The finance organization’s strong, consistent leadership is critical for addressing immediate concerns about safety and survival, stabilizing the business in the short term, and positioning it for recovery.
Novel coronavirus has caused a global humanitarian and economic crisis. Large-scale quarantines, border closures, school closures, and physical distancing are unprecedented. Governments and communities are “flattening the curve.”
Organizations must act quickly to protect employees, customers, suppliers, and financial results. With some organizations losing 75% of their income in a quarter, cash isn’t just a sovereign – it’s for survival. As remote labor grows more common, digital connectivity is essential for corporate continuity. Business conditions, epidemiological forecasts, and norms of conduct change daily, if not hourly, thus frequent, open communication is crucial.

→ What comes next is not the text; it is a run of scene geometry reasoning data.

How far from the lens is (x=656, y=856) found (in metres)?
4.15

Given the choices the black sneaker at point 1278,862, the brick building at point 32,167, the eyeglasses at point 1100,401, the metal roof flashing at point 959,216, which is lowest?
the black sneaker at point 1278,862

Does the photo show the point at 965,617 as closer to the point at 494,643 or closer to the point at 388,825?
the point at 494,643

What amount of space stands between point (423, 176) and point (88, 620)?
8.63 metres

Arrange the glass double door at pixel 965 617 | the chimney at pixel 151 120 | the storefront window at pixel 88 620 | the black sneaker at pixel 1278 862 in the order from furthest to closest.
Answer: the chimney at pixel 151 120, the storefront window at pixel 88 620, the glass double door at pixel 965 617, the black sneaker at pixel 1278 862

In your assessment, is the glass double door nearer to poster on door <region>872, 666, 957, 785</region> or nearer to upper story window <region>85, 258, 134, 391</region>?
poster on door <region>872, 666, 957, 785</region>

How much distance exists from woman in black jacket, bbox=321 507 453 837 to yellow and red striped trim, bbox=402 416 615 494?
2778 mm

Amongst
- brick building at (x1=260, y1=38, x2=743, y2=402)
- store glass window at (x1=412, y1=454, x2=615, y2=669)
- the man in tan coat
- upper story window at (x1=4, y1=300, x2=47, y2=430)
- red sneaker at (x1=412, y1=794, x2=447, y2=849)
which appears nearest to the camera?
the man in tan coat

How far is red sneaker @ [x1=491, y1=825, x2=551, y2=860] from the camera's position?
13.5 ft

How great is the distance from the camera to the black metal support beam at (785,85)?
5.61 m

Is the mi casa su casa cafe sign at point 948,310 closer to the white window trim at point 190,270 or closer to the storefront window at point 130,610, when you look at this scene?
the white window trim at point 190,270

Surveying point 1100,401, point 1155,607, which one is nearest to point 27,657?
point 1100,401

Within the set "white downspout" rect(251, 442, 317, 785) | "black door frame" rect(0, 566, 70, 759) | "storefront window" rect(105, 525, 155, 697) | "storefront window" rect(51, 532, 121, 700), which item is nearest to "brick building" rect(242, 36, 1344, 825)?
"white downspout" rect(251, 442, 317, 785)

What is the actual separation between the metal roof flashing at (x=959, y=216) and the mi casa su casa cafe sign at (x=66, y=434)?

In uncertain times, the CFO can help stabilize the business and position it to succeed when conditions improve. The CFO contributes daily to a company’s financial health and organizational resiliency Our expertise supporting customers through internal and external crises offers lessons for CFOs after the pandemic to put their companies on a stable financial foundation and eliminate fear and uncertainty. We outlines here the important steps CFOs and finance organizations may take across three horizons: immediate safety and survival, near-term business stabilization in expectation of the next normal, and longer-term preparations for the company to make daring movements during recovery.
Economically, COVID-19 is a liquidity and financial stress issue. As the coronavirus spread, thousands more businesses closed. Their supply chains are down. Fewer discretionary purchases can be made. As the crisis’s extent and duration are unknown, the finance leader must prioritize cash reserves. The CFO should examine the company’s liquidity, construct a centralized “cash war room,” develop various virus-spread scenarios, and roll out an internal and external communications plan.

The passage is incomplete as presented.